#### Problem to solve
Lines from the one containing "哈尔滨运沙车侧翻致5人死亡迅雷下载" through the final line of the records are the only ones to copy, and each must match exactly.

Stored dataset items:
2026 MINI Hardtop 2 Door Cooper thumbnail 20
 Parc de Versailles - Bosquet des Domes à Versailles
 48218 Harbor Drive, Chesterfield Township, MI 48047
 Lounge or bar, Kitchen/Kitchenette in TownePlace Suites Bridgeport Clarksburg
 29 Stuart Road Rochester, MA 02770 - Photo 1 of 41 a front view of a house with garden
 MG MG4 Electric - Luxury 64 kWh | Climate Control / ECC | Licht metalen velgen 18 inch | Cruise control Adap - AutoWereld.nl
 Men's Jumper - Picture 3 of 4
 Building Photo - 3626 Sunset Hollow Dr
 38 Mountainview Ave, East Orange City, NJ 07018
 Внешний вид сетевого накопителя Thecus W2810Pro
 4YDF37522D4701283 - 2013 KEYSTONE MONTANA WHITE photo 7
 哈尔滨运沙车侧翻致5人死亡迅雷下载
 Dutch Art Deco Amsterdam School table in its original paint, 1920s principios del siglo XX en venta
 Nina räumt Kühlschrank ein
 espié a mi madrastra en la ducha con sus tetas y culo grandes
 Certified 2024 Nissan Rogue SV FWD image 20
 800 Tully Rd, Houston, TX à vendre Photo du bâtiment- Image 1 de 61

#### Your solution
 哈尔滨运沙车侧翻致5人死亡迅雷下载
 Dutch Art Deco Amsterdam School table in its original paint, 1920s principios del siglo XX en venta
 Nina räumt Kühlschrank ein
 espié a mi madrastra en la ducha con sus tetas y culo grandes
 Certified 2024 Nissan Rogue SV FWD image 20
 800 Tully Rd, Houston, TX à vendre Photo du bâtiment- Image 1 de 61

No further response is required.